We held our second event in the Central Erie Division of the the Great Lakes Largemouth Series.

We had 10 new teams sign up and all had a great time. 

I would like to congratulate all the winners.

1st Place team of Simonton/Klienoder won with 5 fish weighing 14.64 pounds.

2nd Place Team of Root/Abbel with 5 fish weighing 14.44 pounds.

3rd Place team of Fishbaugh/Mohler with 5 fish weighing 14.30 pounds

4th Place team of Farkas/Farkas with 5 fish weighing 14.03 pounds.

5th Place team of Gioffre/Ray with 5 fish weighing 13.82 pounds.

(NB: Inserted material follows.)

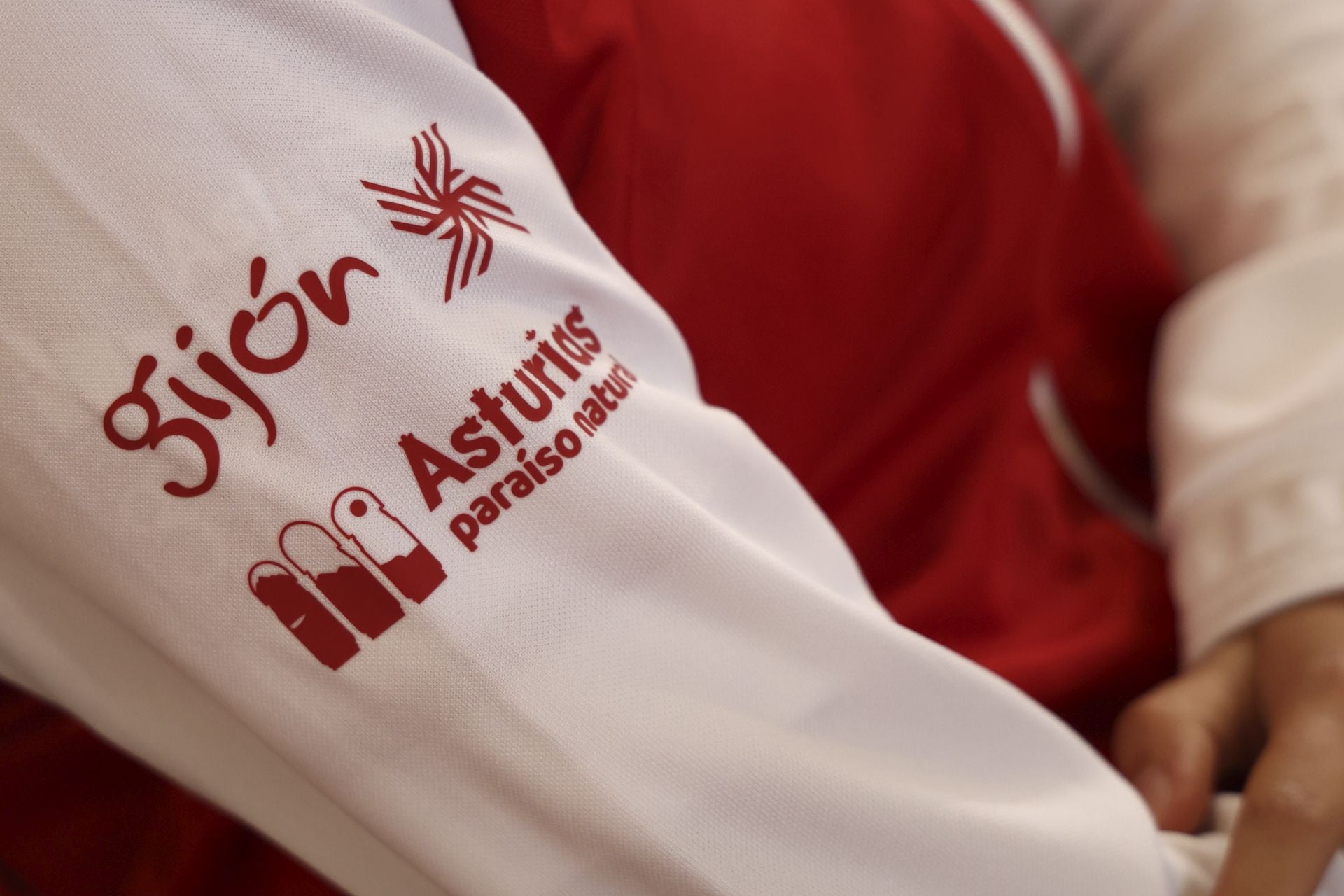 Así son las nuevas equipaciones deportivas del Grupo Covadonga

Sharpnack Chevy $100 big bass award went to 4th place finishers Farkas/Farkas

Even though everyone caught limits and had great bags the 15lb pot was not hit and will carry over to the next event on August 14th.

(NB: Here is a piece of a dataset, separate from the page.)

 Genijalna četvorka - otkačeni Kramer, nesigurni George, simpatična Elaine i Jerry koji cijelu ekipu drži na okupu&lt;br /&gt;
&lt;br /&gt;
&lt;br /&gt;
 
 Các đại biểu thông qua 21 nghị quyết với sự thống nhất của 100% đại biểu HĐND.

You can still join our series and qualify for the championship. You can join up at www.greatlakeslargemouthseries.com


----------



## Ohio Ice (Feb 8, 2009)

Here are the photos of the weigh in board and all the winners.

Great going guy's and gall's. 

We had a father daughter team participate. Our 4th place team and Sharpnack Chevy Big bass winner was a husband and wife team.

Great going and thanks to everyone who participated!


----------



## Scum_Frog (Apr 3, 2009)

How many boats are expected for this tourny? Also what was payouts on previous tourny? Thanks!


----------



## fishingredhawk (Apr 14, 2004)

Those are definitely some solid results. Seems to be a lot of fish in the 3-4 lb range, with 5lbers hard to come by.


----------



## KingFisher89 (Feb 22, 2007)

Me and my partner will will be at the Aug14th tourny.....looking forward to it


----------



## Ohio Ice (Feb 8, 2009)

Sorry for the late response. I was on vacation last week in Michigan. 

First Place paid $700. We also paid down to 5 places. Farkas and Farkas placed 4th and also won the Sharpnack Chevy big bass award.

We have 29 team memberships and expect more new teams at our next event on Sunday the 14th.

You can enter online or at the ramp. See you on Sunday.


----------